As his hands rummage through bloody fingers, jumping candy, and itching powder, Bengin's face lights up and his wrinkle lines seem to disappear. It wouldn't be a stretch to see that the exploding cigarette packs and water-squirting cameras have been used to force a smile out of a bad day for the owner maybe as often as it has for the patrons.
As if to quickly counter the serious turn of conversation, Bengin leans over and flicks the radio on. The Bee Gees' classic, "Staying Alive," begins and so does Bengin, who engages in a sprightly dance around the counter, looking as he so often does, vibrant and full of life.
As he dances around the store, Bengin urges me not to talk to his customers. His face is serious but his demeanor is light, always on the verge of a joke.
"People don't want it known that they're here-like you, sir." Bengin approaches a well-dressed man in his early thirties looking at fake mustaches. The man looks up at Bengin, startled.
"Do you want people to know you're here?" Bengin asks.
The man looks toward the ceiling, thinking it over.
"Um . maybe," he says.
Turning back, Bengin offers an indifferent shrug and replies, "Well, he didn't say no."
The rift in customer opinions in a place like Jack's Joke Shop is huge. The carnival-like ribbing shoppers receive is either welcomed as a touch of old-time salesmanship or it's disregarded as obnoxious.
Harold Bengin isn't for everyone.
"I went into Jack's a few months ago to buy a pair of handcuffs for a joke involving a silver briefcase," said Jameson Viens, a senior print journalism major and a former Arts and Entertainment editor for The Beacon. "[Harold and Lou] made some unfunny sexual jokes and assumed I went to Emerson.
Both shopkeepers were very annoying."
Other customers, such as Boston University junior Andrew Galati, love the cheap jokes hawked at Jack's.
"As I walked through the door, I wanted to ask the old man [Bengin] what was so funny, but upon closer look of his face, I think I understood," Galati said. "I mean, after all, who doesn't like jokes?"

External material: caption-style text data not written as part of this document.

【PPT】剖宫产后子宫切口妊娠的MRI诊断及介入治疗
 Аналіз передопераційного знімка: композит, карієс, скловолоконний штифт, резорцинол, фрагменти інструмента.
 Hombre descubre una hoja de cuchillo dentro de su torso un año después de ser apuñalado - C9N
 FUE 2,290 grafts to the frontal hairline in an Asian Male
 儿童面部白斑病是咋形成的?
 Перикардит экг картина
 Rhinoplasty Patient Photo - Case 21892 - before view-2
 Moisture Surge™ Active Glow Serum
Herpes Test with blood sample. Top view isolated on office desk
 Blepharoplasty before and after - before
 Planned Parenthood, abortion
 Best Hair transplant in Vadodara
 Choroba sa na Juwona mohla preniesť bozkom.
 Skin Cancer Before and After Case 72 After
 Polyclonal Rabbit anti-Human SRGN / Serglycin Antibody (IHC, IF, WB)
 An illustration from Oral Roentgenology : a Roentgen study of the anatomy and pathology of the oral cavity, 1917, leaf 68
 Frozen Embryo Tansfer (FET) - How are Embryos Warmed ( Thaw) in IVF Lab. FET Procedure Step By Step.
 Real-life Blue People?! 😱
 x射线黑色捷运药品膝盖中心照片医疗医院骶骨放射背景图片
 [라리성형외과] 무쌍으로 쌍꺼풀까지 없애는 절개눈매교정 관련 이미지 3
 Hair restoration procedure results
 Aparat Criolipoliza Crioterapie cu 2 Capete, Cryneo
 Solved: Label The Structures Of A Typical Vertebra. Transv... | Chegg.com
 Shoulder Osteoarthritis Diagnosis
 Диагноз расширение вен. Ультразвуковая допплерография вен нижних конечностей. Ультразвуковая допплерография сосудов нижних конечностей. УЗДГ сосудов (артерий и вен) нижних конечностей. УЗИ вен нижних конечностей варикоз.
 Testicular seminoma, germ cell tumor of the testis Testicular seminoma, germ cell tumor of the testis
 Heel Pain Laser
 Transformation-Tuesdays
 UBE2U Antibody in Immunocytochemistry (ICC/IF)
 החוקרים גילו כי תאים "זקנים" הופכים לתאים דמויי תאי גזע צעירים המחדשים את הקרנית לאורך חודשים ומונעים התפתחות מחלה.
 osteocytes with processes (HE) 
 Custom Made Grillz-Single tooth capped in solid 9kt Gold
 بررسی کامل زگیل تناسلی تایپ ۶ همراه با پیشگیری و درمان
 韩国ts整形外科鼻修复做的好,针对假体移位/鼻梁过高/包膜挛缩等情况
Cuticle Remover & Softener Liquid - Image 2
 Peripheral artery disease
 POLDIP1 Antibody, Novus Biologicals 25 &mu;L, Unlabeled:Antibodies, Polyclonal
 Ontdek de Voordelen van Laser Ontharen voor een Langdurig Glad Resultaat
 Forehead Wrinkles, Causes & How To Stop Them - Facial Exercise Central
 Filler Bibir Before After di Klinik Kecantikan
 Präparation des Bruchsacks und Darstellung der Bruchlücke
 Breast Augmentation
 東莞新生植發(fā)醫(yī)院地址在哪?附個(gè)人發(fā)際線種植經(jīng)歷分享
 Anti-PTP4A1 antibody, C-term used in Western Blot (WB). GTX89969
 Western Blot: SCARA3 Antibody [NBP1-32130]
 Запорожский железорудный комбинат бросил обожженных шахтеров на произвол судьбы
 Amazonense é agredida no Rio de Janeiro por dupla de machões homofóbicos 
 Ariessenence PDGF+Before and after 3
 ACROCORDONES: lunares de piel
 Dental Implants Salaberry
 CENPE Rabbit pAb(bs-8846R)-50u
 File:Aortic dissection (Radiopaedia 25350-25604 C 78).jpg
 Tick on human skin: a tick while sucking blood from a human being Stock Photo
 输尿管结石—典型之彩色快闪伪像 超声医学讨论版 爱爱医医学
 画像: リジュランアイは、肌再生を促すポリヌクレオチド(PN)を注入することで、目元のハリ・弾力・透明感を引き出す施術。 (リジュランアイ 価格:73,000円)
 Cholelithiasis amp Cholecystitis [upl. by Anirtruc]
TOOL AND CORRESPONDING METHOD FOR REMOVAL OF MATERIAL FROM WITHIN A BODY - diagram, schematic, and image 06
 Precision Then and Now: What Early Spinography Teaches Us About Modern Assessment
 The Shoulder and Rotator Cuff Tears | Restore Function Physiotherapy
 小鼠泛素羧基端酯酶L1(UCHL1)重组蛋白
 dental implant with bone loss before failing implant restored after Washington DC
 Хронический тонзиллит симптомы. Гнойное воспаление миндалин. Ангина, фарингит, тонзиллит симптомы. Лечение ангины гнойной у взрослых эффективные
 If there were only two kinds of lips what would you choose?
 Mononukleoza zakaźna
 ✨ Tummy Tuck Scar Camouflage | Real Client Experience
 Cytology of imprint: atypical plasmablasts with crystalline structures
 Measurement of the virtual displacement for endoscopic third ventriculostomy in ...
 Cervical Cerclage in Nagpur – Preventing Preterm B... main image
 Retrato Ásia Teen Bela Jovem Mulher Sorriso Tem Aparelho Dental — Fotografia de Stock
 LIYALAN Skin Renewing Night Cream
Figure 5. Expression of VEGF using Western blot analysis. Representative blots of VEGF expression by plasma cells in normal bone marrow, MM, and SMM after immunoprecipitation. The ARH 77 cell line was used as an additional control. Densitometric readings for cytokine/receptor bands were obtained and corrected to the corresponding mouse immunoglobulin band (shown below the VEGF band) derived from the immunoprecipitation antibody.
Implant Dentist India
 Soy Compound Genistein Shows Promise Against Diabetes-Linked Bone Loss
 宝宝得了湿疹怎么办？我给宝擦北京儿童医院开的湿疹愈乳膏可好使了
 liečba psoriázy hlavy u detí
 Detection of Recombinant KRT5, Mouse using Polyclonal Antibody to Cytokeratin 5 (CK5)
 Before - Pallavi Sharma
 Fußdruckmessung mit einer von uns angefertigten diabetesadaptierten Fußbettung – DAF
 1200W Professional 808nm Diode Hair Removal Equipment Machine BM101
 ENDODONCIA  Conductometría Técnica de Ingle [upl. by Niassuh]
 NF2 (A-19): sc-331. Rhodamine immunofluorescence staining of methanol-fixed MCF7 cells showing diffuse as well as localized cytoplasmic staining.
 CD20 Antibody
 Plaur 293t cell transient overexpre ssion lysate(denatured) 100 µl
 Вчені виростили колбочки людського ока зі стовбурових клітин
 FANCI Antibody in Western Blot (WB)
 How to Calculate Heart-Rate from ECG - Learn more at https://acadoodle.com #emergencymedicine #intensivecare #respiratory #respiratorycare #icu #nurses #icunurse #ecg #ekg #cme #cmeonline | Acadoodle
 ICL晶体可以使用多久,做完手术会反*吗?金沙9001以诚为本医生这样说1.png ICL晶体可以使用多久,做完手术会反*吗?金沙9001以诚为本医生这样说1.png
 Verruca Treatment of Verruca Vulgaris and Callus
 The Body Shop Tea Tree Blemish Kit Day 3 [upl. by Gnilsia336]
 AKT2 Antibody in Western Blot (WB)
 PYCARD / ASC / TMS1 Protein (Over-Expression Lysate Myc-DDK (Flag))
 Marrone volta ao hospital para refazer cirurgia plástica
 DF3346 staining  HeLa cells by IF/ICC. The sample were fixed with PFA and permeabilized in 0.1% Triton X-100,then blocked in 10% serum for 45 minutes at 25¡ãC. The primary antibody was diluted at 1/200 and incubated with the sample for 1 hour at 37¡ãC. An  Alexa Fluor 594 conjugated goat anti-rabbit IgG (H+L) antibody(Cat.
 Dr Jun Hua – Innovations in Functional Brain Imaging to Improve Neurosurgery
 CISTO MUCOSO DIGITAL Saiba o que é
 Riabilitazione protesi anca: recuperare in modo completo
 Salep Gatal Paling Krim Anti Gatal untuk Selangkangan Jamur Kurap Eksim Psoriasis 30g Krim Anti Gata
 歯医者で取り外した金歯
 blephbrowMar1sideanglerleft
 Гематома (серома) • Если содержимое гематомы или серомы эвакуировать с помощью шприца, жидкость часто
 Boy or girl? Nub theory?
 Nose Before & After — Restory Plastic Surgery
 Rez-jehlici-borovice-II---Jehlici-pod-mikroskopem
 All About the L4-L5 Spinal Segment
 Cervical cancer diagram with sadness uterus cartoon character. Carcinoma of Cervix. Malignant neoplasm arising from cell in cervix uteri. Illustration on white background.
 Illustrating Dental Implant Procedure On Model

Shaking his head, Bengin discusses items that have gone by the wayside-ink blotters and rubber chickens-but it's as if he's not talking about them at all. His eyes wander sadly around the shelves of his store and finally to his own hands. His voice trails off in mid-thought. As Brian Wilson once lamented, some people just weren't made for these times.
Turning around, hands empty for once, Bengin counts off the celebrities he's met on his fingers. It's clear two hands aren't enough. Ed Bradley, Douglas Brinkley, Kevin Bacon and Glenn Frye are just some of Bengin's famous customers. But he remains indifferent to celebrity, his eyes only perking up when he spots an exploding wallet on the counter.
"Ninety-nine percent of celebrities are just regular people with regular thoughts and worries," he says.
Although Bengin is unimpressed with celebrities, he himself is a celebrated member of the community. Long-time customers come in with their children to pay respect and say their goodbyes, and maybe to snag a few packs of snapping gum while they're at it.
A young couple walks into Jack's Joke Shop.
Although the door is shut, and will be closed for the final time Dec. 31, one can still hear the faint voice of Bengin.